First, it will deepen yet further Israelis' state of fear. For more than two years Israelis have lived with the daily possibility of violent and random death within their own borders. Every parent worries that the bus carrying their child could blow to pieces; a trip to the mall could be a deathtrap; a pizzeria could be a minefield. That constant fear has seeped into the marrow of the society. Nothing is normal.
But Israelis always had one way to escape the fear. A holiday outside the country could be the valve that releases the pressure. Home may not have been safe, but abroad could be.
Now Israelis have lost even that comfort. Now they will believe that nowhere is safe. They will be hunted down wherever they are, targeted for the crime of being Israeli. That is the message of yesterday's attack: Israelis cannot live at home, they cannot live in the world.
Some will think that an overreaction. After all, Australians were the target of October's Bali bomb - yet surely few Aussies now feel themselves in a state of siege. That's true, but it misses two important differences. Australians are not under constant attack in their own country. Nor are they a people with a long, collective history of persecution.

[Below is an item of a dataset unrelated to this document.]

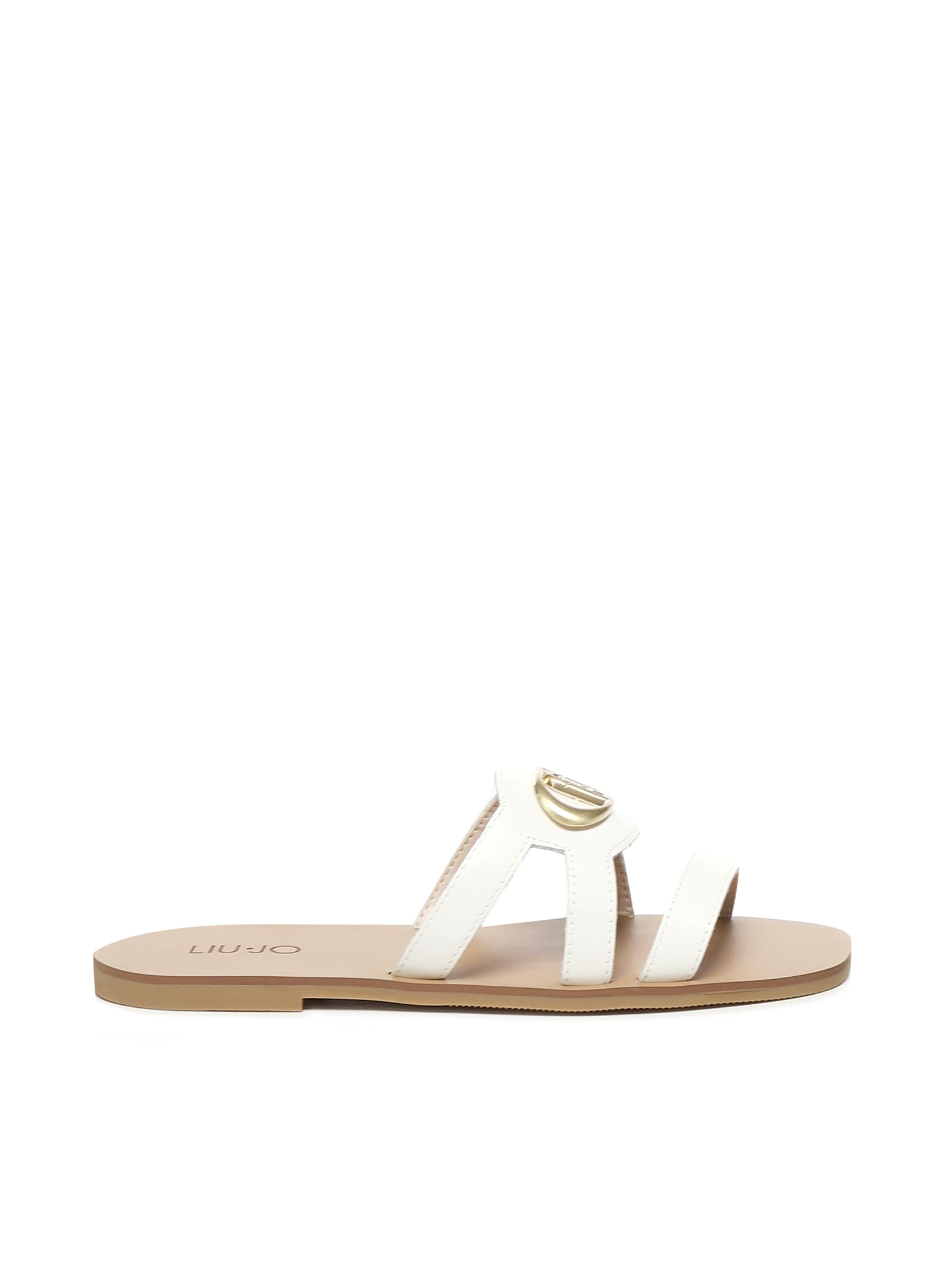 Liu-Jo Logo Flat Slippers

Which is why Kenya's psychological impact will not be felt by Israelis alone. It will fuel a growing mood of alarm spreading across the Jewish world: the sense that Jews are being hounded in a way unseen for more than half a century.

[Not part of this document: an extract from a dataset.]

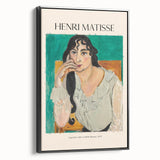 Black and white landscape painting on framed canvas, featuring minimalist vintage poster art, ideal for bedroom wall decor.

Many Jews will see Mombasa as confirmation that Osama bin Laden's words are to be taken at face value. That when he repeatedly declares a "jihad against Jews and crusaders", he means it. And he puts Jews first for a reason: because he regards them - not Israelis or Zionists, but Jews - as enemy number one. Al-Qaida's April attack on an ancient Tunisian synagogue, which left 16 dead, was an early proof. Yesterday was another.
Politically, there are two likely impacts. First, Kenya will, like all terror attacks, prompt Israelis to close ranks. They will unite behind their prime minister, Ariel Sharon, who last night looked set to cruise to re-election as Likud leader. When terror strikes, Israelis accept the Sharon view that the only proper response is crushing force.
So the fledgling campaign of Labour challenger Amram Mitzna - arguing that a peace process, not military might, is the only long-term answer - will now struggle to get a hearing. What is there to talk about with maniacs prepared to blow 261 passengers out of the sky?
Sharon and much of the Israeli consensus will see a second vindication in Mombasa. Ever since September 11, Israeli leaders - and their allies among the US hawks - have argued that Israel's struggle with the Palestinians is merely one front in the wider war on terror. "Arafat is our bin Laden" is the slogan.
The desire to link the two is not hard to fathom. If these are the same fight, then Israel has the same right to hit at the "terror camps" of the West Bank as America had to strike at Afghanistan. And why negotiate with Palestinians if they are merely a local branch of al-Qaida? No one expects George Bush to make concessions to Bin Laden, so why should Sharon to Arafat?
As of yesterday, that argument will gain ground. Overtly now, the al-Qaida and Palestinian campaigns have been fused. As an Israeli government statement declared yesterday: "Whether in New York or Washington, Bali or Moscow, Mombasa or Bet She'an, terrorism is indivisible, and all attempts to understand it will only serve to ensure its continuation."
Kenya adds weight to the hawkish view that Israel faces a murderous enemy with whom there can be no reasoning; there is no point talking peace, because this is not a local, soluble struggle over real estate but a global, metaphysical "clash of civilisations". That is the view of the right, in Jerusalem and Washington and, not for the first time, the terrorists have just served as the hawks' star witness.